Gershoff has argued that corporal punishment as a form of discipline fails to teach children why their behavior was wrong nor does it teach them what the appropriate behavior should have been. Parental use of physical punishment teaches children that violence is morally acceptable, causes fear to develop between the child and parent, and subsequently damages their relationship. She estimates that 80% of American children have received physical punishment from their parents by the time they reach the 5th grade and over 70% of parents agree or strongly agree with the sentiment that “children sometimes need a good, hard spanking”. Parents believe in the efficacy of corporal punishment in the absence of any valid evidence that spanking is necessary or effective at correcting misbehavior, regardless the age of the child. Other research provides evidence of intergenerational transmission of violence: individuals who received physical punishment as children are more likely to use physical punishment as adults when disciplining children.

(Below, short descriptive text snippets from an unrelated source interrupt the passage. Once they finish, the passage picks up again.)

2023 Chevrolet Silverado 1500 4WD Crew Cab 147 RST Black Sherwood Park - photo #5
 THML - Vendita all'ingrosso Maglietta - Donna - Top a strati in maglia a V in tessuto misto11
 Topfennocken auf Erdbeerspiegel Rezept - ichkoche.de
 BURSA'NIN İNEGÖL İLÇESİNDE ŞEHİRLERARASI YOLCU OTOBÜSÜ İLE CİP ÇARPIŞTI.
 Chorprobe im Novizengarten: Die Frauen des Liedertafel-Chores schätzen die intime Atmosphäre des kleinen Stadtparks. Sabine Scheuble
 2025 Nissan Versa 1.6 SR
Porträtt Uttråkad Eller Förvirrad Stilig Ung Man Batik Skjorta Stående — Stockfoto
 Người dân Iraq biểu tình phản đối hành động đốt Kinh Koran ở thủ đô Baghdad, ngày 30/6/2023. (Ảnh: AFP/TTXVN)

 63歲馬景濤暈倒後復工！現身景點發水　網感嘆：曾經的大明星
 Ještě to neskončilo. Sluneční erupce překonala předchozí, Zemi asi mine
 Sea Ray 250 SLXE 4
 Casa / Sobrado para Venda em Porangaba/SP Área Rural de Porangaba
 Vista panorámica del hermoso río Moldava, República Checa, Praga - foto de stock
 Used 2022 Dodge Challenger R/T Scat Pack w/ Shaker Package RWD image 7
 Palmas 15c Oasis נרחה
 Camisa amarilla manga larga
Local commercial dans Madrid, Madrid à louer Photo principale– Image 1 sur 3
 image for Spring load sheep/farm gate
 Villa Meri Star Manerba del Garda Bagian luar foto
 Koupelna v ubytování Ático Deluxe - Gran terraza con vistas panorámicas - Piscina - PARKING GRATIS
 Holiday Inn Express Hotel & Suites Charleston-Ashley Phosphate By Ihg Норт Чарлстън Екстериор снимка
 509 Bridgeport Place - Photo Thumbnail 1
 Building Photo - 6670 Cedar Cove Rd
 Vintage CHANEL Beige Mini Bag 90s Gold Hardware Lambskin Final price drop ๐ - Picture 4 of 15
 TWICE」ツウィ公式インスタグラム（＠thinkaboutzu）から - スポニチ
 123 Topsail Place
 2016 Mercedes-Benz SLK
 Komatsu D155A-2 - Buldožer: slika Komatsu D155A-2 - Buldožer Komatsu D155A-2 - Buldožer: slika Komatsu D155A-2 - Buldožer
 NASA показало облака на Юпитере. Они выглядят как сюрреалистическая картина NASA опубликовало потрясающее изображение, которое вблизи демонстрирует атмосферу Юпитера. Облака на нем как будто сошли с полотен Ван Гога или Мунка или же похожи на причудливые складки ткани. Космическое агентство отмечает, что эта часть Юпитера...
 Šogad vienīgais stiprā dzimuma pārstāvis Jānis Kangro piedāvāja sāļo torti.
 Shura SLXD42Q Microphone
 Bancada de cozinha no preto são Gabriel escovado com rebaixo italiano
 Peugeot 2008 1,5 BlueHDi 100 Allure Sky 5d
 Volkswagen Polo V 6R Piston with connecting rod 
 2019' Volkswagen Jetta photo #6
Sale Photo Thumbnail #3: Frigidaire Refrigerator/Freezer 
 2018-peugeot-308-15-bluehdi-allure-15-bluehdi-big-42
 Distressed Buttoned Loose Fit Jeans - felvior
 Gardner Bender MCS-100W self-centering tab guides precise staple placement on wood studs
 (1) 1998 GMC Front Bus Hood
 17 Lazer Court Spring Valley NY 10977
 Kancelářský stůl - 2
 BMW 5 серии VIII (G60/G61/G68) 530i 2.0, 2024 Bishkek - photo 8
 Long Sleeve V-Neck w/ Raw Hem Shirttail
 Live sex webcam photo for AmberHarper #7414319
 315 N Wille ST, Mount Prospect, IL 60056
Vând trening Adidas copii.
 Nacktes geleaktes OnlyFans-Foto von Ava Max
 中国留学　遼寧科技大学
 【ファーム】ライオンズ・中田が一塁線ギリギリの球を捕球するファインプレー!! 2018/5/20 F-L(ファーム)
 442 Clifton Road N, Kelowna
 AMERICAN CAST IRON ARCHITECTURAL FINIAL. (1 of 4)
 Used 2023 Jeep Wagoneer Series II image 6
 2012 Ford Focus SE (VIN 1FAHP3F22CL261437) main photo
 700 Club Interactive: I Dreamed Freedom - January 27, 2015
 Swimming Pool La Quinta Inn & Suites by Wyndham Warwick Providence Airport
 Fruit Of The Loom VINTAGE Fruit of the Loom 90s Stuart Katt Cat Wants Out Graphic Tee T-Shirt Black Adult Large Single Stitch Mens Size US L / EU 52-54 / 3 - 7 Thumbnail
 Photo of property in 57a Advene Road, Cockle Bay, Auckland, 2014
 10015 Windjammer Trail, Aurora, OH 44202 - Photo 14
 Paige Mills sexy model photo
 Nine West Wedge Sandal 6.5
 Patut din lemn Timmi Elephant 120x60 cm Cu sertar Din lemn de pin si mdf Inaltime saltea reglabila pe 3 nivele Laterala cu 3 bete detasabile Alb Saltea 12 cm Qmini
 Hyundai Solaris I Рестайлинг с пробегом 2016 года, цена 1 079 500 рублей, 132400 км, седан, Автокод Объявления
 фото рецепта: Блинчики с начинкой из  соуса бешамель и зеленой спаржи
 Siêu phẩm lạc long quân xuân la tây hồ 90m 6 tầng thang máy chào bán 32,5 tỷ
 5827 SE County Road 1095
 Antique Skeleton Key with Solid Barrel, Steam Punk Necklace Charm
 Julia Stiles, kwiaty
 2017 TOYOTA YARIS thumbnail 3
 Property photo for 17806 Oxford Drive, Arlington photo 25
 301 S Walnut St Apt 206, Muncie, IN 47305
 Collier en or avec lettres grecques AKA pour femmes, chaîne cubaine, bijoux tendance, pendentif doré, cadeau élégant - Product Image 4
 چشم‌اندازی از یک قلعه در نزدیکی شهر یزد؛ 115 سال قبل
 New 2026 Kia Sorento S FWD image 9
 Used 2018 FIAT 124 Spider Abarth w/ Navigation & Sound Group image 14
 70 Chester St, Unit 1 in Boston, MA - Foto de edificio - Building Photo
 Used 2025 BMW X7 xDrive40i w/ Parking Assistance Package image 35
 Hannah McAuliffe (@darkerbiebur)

== Representative Publications ==
- Gershoff, E. T. (2002). Corporal punishment by parents and associated child behaviors and experiences: a meta-analytic and theoretical review. Psychological Bulletin, 128(4), 539–579.
- Gershoff, E. T. (2010). More harm than good: A summary of scientific research on the intended and unintended effects of corporal punishment on children. Law and Contemporary Problems, 73(2), 31–56.
- Gershoff, E. T., & Bitensky, S. H. (2007). The Case Against Corporal Punishment of Children. Psychology, Public Policy, and Law, 13(4), 231–272.
- Gershoff, E. T., Aber, J. L., Raver, C. C., & Lennon, M. C. (2007). Income is not enough: Incorporating material hardship into models of income associations with parenting and child development. Child Development, 78(1), 70–95.
- Eisenberg, N., Gershoff, E. T., Fabes, R. A., Shepard, S. A., Cumberland, A. J., Losoya, S. H., ... & Murphy, B. C. (2001). Mother's emotional expressivity and children's behavior problems and social competence: Mediation through children's regulation. Developmental Psychology, 37(4), 475–490.